Give back the data exactly, with no images.

EXERCISE DATA
Content starts

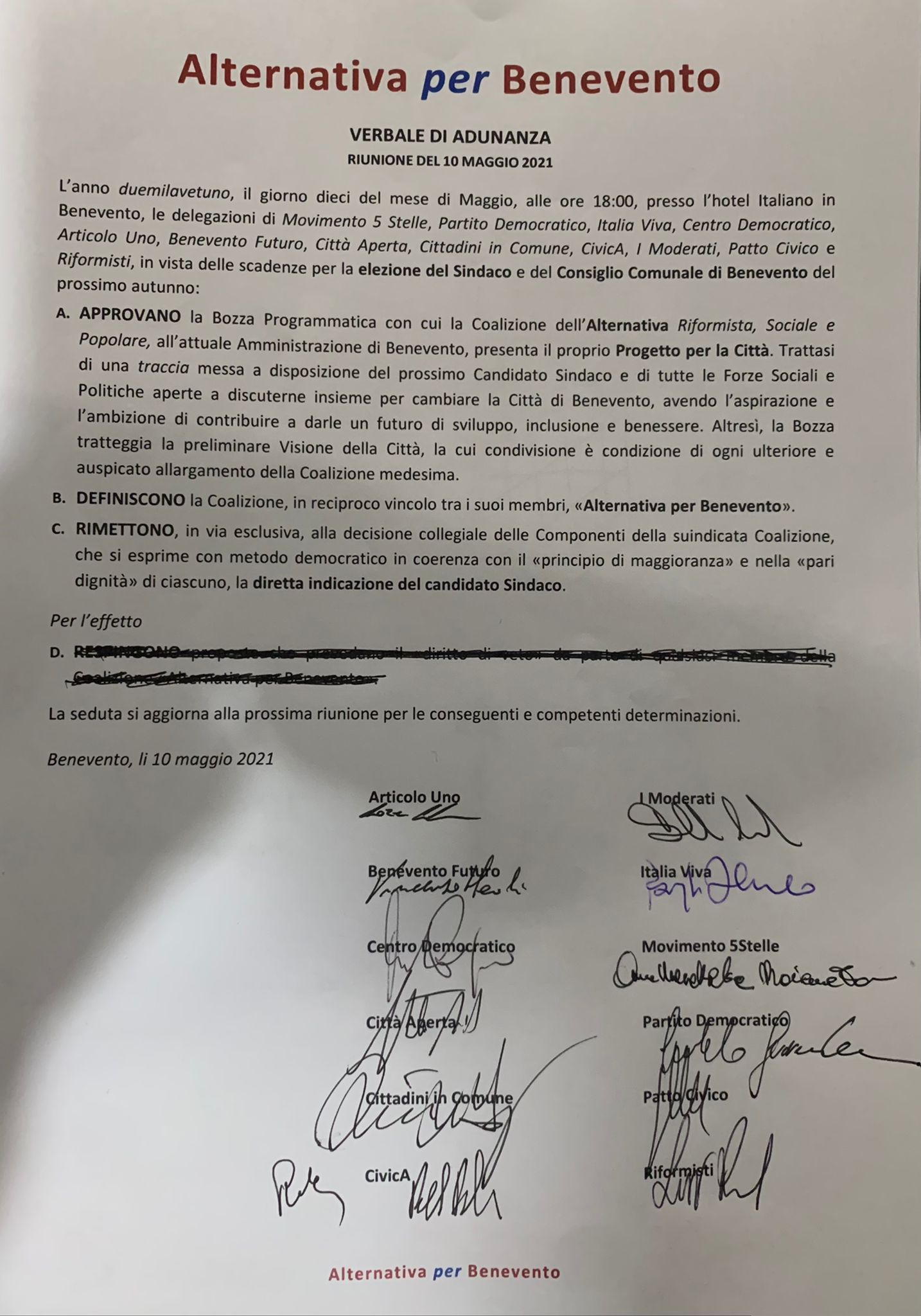 Benevento| Nasce Alleanza per Benevento ma non c’è Civico 22. Via libera per Perifano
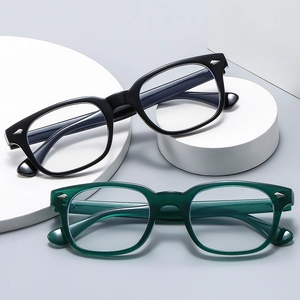 Square Anti-Blue Light Glasses PC Frame Retro Blue Light Blocking Eyeglasses Fashion Unisex Plain Lens Rivet Decor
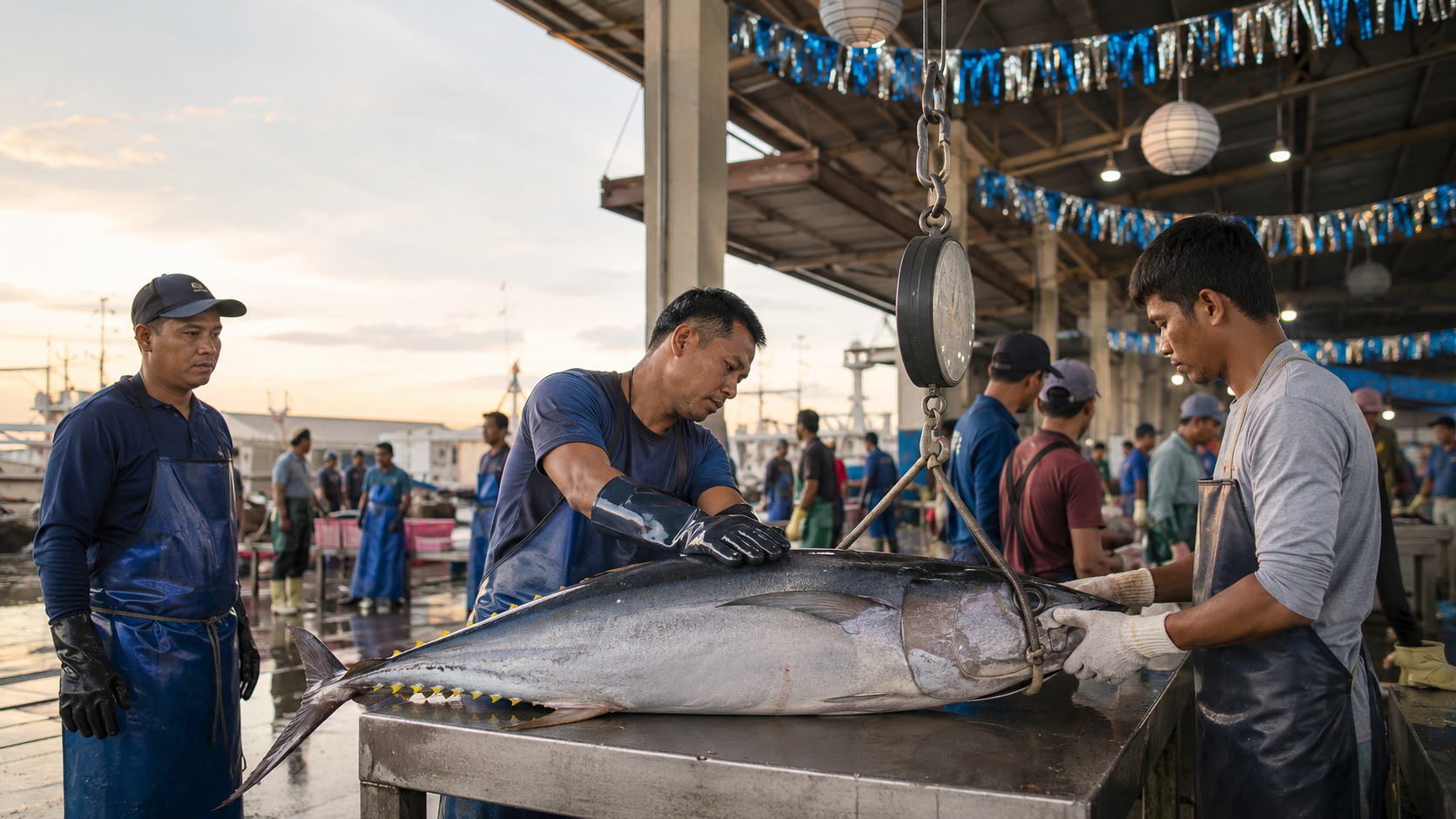 General Santos fish-port workers weighing a yellowfin tuna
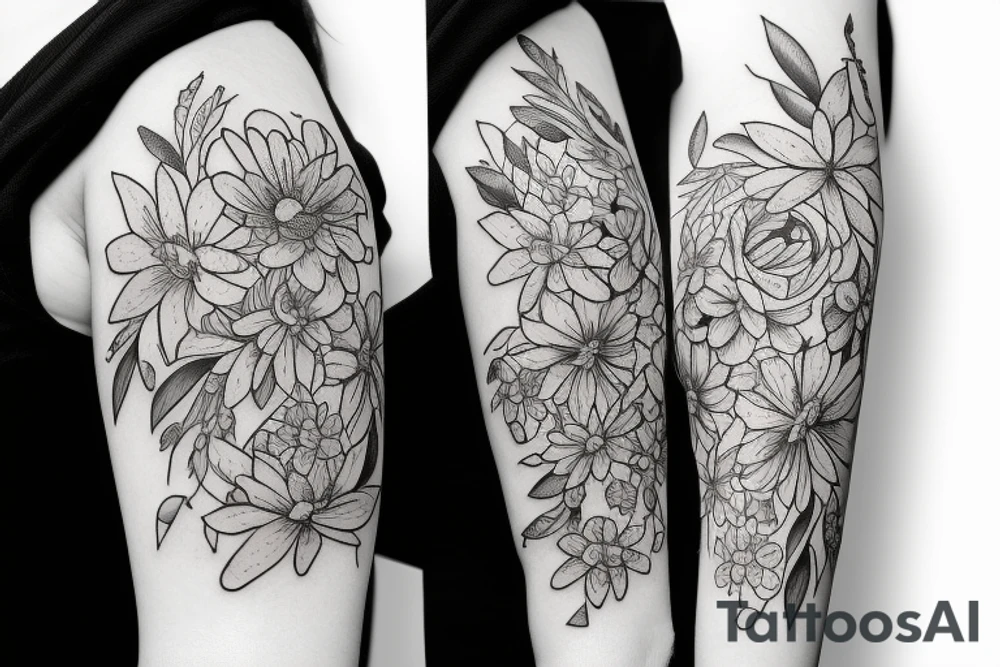 sketch of a black sleeve on which lycoris flowers, daisies and peonies are intertwined tattoo idea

Content ends

TASK RESULT
 Benevento| Nasce Alleanza per Benevento ma non c’è Civico 22. Via libera per Perifano
 Square Anti-Blue Light Glasses PC Frame Retro Blue Light Blocking Eyeglasses Fashion Unisex Plain Lens Rivet Decor
 General Santos fish-port workers weighing a yellowfin tuna
 sketch of a black sleeve on which lycoris flowers, daisies and peonies are intertwined tattoo idea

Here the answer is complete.